BEGIN Exercise data
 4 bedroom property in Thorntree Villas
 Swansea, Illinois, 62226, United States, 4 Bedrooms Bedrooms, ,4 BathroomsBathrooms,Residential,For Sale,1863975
END Exercise data
BEGIN Exercise data
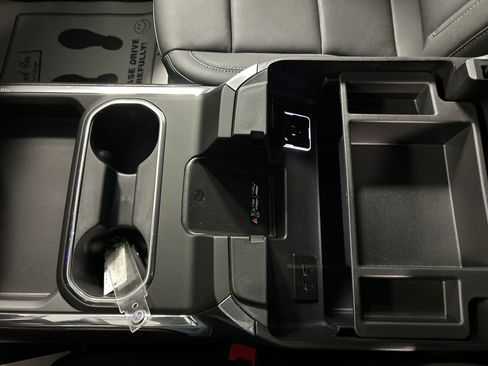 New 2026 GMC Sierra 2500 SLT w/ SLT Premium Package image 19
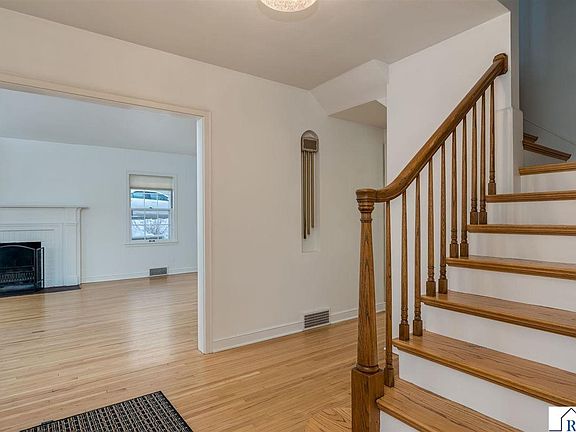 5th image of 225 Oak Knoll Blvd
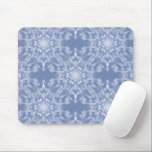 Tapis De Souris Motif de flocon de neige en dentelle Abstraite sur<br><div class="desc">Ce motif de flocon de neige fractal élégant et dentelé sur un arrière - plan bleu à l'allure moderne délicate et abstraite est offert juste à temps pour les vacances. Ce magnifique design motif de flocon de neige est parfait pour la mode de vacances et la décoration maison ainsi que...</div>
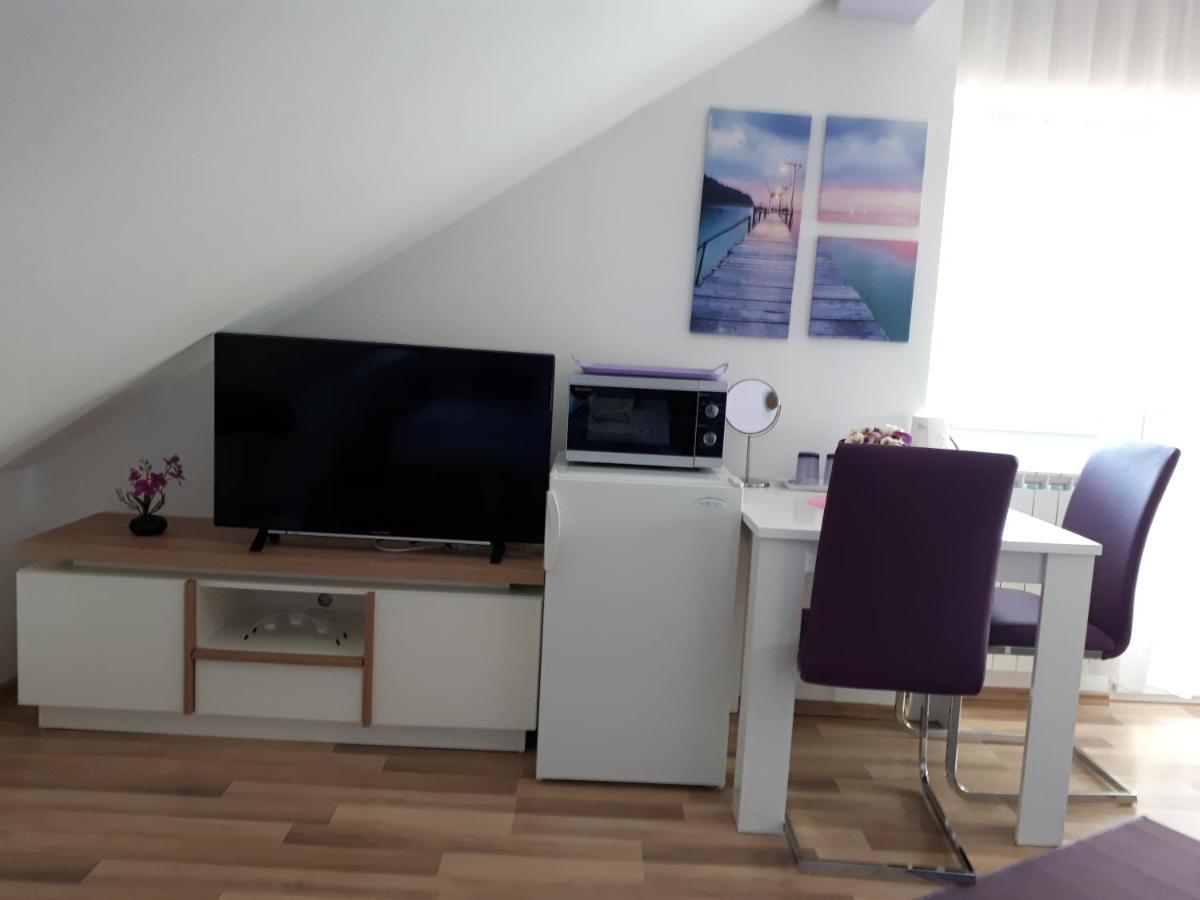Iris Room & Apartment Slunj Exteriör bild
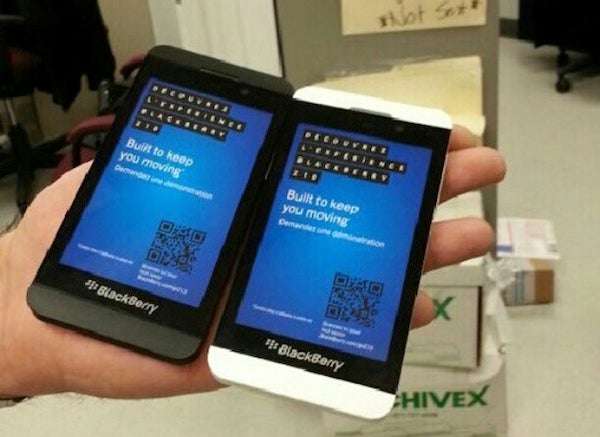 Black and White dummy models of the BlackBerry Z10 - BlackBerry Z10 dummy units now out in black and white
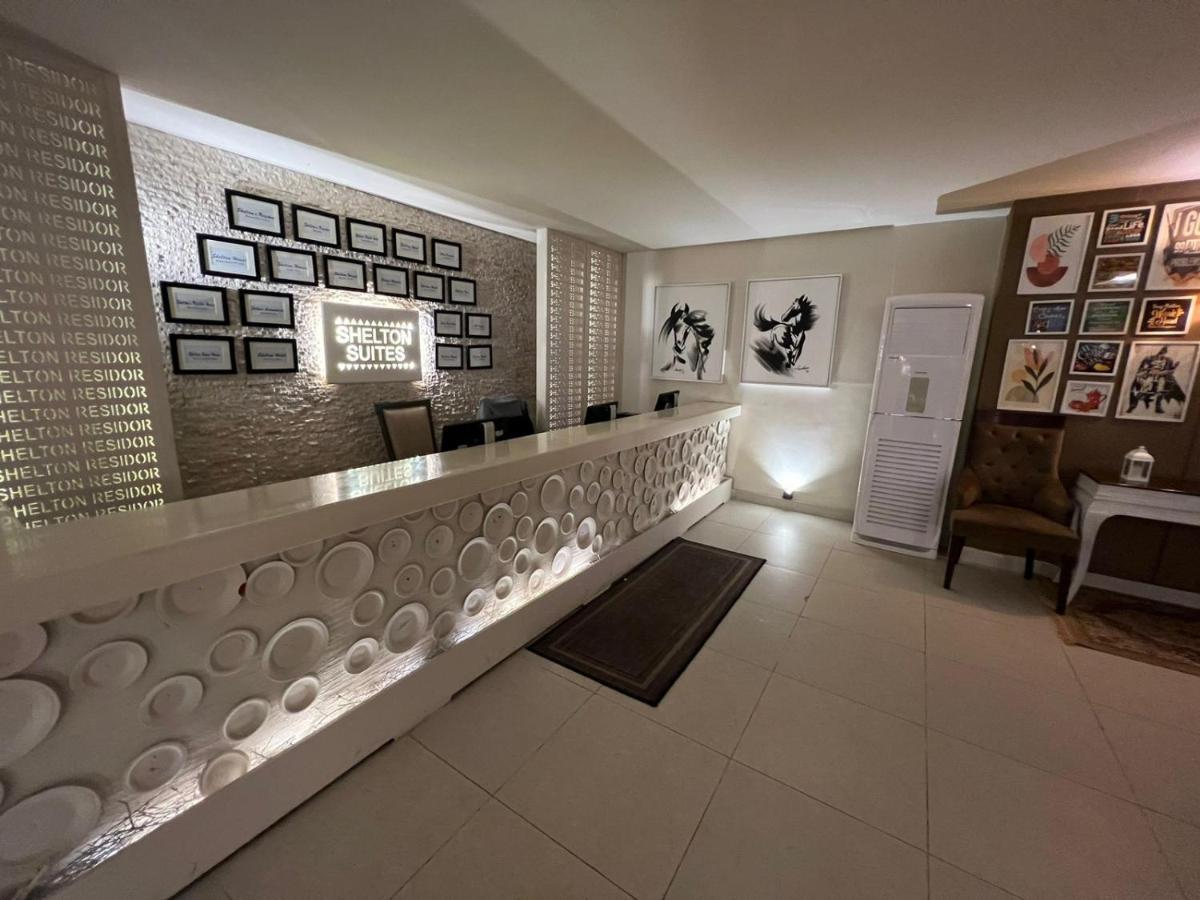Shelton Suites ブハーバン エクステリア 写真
END Exercise data
BEGIN Exercise data
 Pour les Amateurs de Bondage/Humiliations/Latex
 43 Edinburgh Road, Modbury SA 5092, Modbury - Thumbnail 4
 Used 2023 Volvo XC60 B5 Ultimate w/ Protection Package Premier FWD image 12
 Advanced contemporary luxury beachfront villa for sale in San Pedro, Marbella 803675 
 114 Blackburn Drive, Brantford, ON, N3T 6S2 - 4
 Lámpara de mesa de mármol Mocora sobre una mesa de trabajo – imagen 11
END Exercise data
What you are asked to do => When the line with "4 bedroom property in Thorntree Villas" is reached in the data above, begin copying, and stop after the line with "Swansea, Illinois, 62226, United"; copy each line exactly, both ends included.

Answer section =>
 4 bedroom property in Thorntree Villas
 Swansea, Illinois, 62226, United States, 4 Bedrooms Bedrooms, ,4 BathroomsBathrooms,Residential,For Sale,1863975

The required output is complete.